▶ **EXERCISE DIRECTIONS**: Nothing in the data may be omitted; output it all verbatim.

=== TASK INPUTS ===

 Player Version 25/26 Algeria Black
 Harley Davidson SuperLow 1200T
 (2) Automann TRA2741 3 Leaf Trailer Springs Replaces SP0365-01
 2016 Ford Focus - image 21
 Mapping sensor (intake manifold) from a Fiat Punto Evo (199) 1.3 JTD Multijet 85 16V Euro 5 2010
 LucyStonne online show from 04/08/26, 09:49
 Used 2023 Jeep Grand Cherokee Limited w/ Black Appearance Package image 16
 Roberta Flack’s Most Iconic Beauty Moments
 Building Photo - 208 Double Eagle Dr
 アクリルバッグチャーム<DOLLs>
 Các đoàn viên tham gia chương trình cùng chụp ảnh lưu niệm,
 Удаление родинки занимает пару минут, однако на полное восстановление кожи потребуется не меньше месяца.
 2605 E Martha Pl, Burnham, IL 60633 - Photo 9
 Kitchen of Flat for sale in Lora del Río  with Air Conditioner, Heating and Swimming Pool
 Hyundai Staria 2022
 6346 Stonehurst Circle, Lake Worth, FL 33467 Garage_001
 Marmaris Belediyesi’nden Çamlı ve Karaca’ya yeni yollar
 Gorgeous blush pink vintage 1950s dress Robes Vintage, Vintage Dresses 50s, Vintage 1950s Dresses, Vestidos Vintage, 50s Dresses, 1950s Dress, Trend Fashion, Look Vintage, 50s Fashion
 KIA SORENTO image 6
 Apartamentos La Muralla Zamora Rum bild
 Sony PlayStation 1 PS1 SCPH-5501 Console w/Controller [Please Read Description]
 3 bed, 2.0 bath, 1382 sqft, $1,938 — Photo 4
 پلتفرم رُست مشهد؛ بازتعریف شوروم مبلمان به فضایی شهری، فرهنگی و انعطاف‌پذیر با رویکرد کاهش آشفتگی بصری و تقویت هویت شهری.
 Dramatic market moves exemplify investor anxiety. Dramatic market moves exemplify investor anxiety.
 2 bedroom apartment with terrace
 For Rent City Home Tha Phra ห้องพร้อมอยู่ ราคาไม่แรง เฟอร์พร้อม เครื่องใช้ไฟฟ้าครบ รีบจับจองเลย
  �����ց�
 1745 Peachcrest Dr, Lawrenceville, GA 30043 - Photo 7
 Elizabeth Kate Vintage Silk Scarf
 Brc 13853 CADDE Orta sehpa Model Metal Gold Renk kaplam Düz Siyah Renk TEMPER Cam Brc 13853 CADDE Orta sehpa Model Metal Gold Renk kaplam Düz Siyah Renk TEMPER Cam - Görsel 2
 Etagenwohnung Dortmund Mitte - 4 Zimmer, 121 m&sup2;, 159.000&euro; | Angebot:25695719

===

▶ **TASK SOLUTION**:
 Player Version 25/26 Algeria Black
 Harley Davidson SuperLow 1200T
 (2) Automann TRA2741 3 Leaf Trailer Springs Replaces SP0365-01
 2016 Ford Focus - image 21
 Mapping sensor (intake manifold) from a Fiat Punto Evo (199) 1.3 JTD Multijet 85 16V Euro 5 2010
 LucyStonne online show from 04/08/26, 09:49
 Used 2023 Jeep Grand Cherokee Limited w/ Black Appearance Package image 16
 Roberta Flack’s Most Iconic Beauty Moments
 Building Photo - 208 Double Eagle Dr
 アクリルバッグチャーム<DOLLs>
 Các đoàn viên tham gia chương trình cùng chụp ảnh lưu niệm,
 Удаление родинки занимает пару минут, однако на полное восстановление кожи потребуется не меньше месяца.
 2605 E Martha Pl, Burnham, IL 60633 - Photo 9
 Kitchen of Flat for sale in Lora del Río  with Air Conditioner, Heating and Swimming Pool
 Hyundai Staria 2022
 6346 Stonehurst Circle, Lake Worth, FL 33467 Garage_001
 Marmaris Belediyesi’nden Çamlı ve Karaca’ya yeni yollar
 Gorgeous blush pink vintage 1950s dress Robes Vintage, Vintage Dresses 50s, Vintage 1950s Dresses, Vestidos Vintage, 50s Dresses, 1950s Dress, Trend Fashion, Look Vintage, 50s Fashion
 KIA SORENTO image 6
 Apartamentos La Muralla Zamora Rum bild
 Sony PlayStation 1 PS1 SCPH-5501 Console w/Controller [Please Read Description]
 3 bed, 2.0 bath, 1382 sqft, $1,938 — Photo 4
 پلتفرم رُست مشهد؛ بازتعریف شوروم مبلمان به فضایی شهری، فرهنگی و انعطاف‌پذیر با رویکرد کاهش آشفتگی بصری و تقویت هویت شهری.
 Dramatic market moves exemplify investor anxiety. Dramatic market moves exemplify investor anxiety.
 2 bedroom apartment with terrace
 For Rent City Home Tha Phra ห้องพร้อมอยู่ ราคาไม่แรง เฟอร์พร้อม เครื่องใช้ไฟฟ้าครบ รีบจับจองเลย
  �����ց�
 1745 Peachcrest Dr, Lawrenceville, GA 30043 - Photo 7
 Elizabeth Kate Vintage Silk Scarf
 Brc 13853 CADDE Orta sehpa Model Metal Gold Renk kaplam Düz Siyah Renk TEMPER Cam Brc 13853 CADDE Orta sehpa Model Metal Gold Renk kaplam Düz Siyah Renk TEMPER Cam - Görsel 2
 Etagenwohnung Dortmund Mitte - 4 Zimmer, 121 m&sup2;, 159.000&euro; | Angebot:25695719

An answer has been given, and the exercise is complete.